I enrolled in community college classes at around the age of 50. I can still remember my then college daughter telling me (a straight-A student in “childhood” college), “Moom, you do not know how to go to college,” and handing me three Kalamazoo College (her college) folders to keep my papers in. That is absolutely one of my favorite memories of her as a college student. I happily accepted the folders (and used them) and thought something like, “she’s turning into her mother🐽“
I got off on a tangent there. I think that constant phone use by students should not be tolerated in classrooms but I am not really comfortable about outright bans. On one hand, I think that letting kids use their phones unleashed in the classroom (even when silenced) would be bedlam. But I am thinking that limited communications with parents, like changes in after school plans, would be helpful to students, parents, teachers, and office staff. Of course, parents can definitely be ridiculous about not establishing appropriate communication boundaries with their kids. Don’t even get me going about that…
I’ll be thinking about this for a while but I’ll leave you with a time I was in a community college class and I knew there was a possibility that I would need to connect with my college junior that evening. She was scheduled to fly to Dakar for a six month study abroad that coming weekend and our household was kind of on high alert. Not for anything in particular, just, if you are launching one of your children on a study abroad stint, you might know what I mean.

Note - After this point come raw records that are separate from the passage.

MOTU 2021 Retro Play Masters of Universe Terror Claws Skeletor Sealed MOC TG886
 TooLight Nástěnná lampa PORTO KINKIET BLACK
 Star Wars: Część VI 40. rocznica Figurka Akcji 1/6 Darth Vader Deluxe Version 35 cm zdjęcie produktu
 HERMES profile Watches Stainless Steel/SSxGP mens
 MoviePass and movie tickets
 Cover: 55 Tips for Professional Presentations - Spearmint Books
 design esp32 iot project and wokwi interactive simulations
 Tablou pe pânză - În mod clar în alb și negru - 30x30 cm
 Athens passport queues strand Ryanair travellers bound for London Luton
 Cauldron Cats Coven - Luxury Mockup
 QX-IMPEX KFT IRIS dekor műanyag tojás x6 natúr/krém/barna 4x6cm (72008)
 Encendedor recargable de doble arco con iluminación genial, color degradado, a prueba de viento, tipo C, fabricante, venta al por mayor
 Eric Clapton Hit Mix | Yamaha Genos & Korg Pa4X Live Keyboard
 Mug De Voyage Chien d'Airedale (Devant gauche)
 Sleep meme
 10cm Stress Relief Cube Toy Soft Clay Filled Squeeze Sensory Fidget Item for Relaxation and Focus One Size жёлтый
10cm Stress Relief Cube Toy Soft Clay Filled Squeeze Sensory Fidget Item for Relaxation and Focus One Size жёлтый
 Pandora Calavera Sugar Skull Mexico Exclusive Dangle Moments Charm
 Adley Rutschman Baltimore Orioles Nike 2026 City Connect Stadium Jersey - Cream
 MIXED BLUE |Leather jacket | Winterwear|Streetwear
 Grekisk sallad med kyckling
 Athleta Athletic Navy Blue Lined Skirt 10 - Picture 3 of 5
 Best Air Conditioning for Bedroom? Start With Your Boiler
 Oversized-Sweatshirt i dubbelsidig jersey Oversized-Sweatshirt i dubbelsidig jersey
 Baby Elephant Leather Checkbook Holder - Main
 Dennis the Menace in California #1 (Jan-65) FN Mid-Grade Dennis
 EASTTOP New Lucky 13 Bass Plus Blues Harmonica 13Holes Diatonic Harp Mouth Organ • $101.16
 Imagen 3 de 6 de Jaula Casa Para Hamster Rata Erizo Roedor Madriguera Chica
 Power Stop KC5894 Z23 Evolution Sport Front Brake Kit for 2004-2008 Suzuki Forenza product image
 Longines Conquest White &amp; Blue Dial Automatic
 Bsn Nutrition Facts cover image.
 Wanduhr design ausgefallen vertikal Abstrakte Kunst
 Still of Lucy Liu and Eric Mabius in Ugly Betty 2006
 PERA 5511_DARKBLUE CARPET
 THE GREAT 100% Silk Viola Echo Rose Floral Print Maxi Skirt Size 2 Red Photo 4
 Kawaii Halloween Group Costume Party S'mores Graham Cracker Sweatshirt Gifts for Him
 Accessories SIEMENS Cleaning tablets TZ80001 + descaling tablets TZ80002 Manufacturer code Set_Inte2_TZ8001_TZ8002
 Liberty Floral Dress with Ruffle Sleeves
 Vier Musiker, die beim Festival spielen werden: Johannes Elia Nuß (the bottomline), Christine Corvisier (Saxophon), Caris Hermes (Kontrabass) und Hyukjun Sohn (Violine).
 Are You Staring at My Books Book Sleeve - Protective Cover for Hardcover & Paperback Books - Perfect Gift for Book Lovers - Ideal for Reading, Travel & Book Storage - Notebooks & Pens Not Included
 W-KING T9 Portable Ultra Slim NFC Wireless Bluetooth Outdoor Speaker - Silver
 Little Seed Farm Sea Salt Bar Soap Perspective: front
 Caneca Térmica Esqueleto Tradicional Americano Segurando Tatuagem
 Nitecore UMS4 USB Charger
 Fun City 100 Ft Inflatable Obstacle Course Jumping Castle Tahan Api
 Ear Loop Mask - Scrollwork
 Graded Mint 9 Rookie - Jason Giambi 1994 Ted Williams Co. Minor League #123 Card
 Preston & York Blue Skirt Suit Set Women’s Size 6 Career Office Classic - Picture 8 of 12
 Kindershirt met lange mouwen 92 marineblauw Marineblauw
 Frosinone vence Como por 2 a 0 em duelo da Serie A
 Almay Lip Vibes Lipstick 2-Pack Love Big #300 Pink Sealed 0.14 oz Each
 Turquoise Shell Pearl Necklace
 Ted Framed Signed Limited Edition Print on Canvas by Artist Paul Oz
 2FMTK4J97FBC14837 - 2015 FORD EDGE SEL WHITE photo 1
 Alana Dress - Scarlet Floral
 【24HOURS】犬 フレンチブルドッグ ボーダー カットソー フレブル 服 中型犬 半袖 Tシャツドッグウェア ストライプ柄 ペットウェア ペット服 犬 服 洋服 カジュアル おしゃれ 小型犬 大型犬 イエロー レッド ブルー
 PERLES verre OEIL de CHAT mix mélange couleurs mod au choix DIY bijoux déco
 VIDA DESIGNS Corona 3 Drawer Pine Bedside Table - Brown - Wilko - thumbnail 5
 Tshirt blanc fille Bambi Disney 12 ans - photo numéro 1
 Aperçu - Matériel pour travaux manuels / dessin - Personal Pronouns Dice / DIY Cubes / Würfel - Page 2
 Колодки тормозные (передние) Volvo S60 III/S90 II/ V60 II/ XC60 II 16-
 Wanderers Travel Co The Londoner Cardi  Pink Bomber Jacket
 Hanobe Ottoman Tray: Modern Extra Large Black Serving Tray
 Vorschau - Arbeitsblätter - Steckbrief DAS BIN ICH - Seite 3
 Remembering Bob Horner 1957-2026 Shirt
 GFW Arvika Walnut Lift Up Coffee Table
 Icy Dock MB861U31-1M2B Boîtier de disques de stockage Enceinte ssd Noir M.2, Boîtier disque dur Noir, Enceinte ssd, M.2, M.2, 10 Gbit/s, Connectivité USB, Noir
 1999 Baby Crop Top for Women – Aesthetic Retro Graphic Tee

That night, she was driving to her college (100 miles away) to meet up with friends. When I went to class that night, I told Jason (the prof, the one who hooked me up with my Corporate America job) that I needed to keep my phone on but silenced in case my kid needed to call me for anything. I assured him that I would go outside the classroom if I needed to answer my phone. I don’t think I did get a call but I think she did text that there was a big traffic backup. She certainly didn’t need to talk to me on the phone about that.
Of course it was okay with my prof (whose kids have probably done their own study abroad stints by now). But I was an old bag even then and most high school kids now have grown up with smart phones and that train has left the station and I dunno what the answer is to handling cell phone use in schools. I do know that it’s complicated. Like everything else. Hopefully a goddamn dictator will not use a sledgehammer to try to solve it.
September 20th, 2025 at 9:40 pm
As a retired teacher, I will tell you that the use of cell phones was one reason I retired. Kids (and some adults) are addicted to them; they can’t leave them alone (or won’t) and you can risk your life taking one away if the student refuses to stop using it. Students are disengaged, inattentive and not learning what they should because the cellphone texts, internet, games whatever are much more enticing. It is a true crisis. And telling them to put them in their bags on silent doesn’t work, by the way. They are sneaky and one teacher can’t monitor 30+ kids that closely. My 2 cents.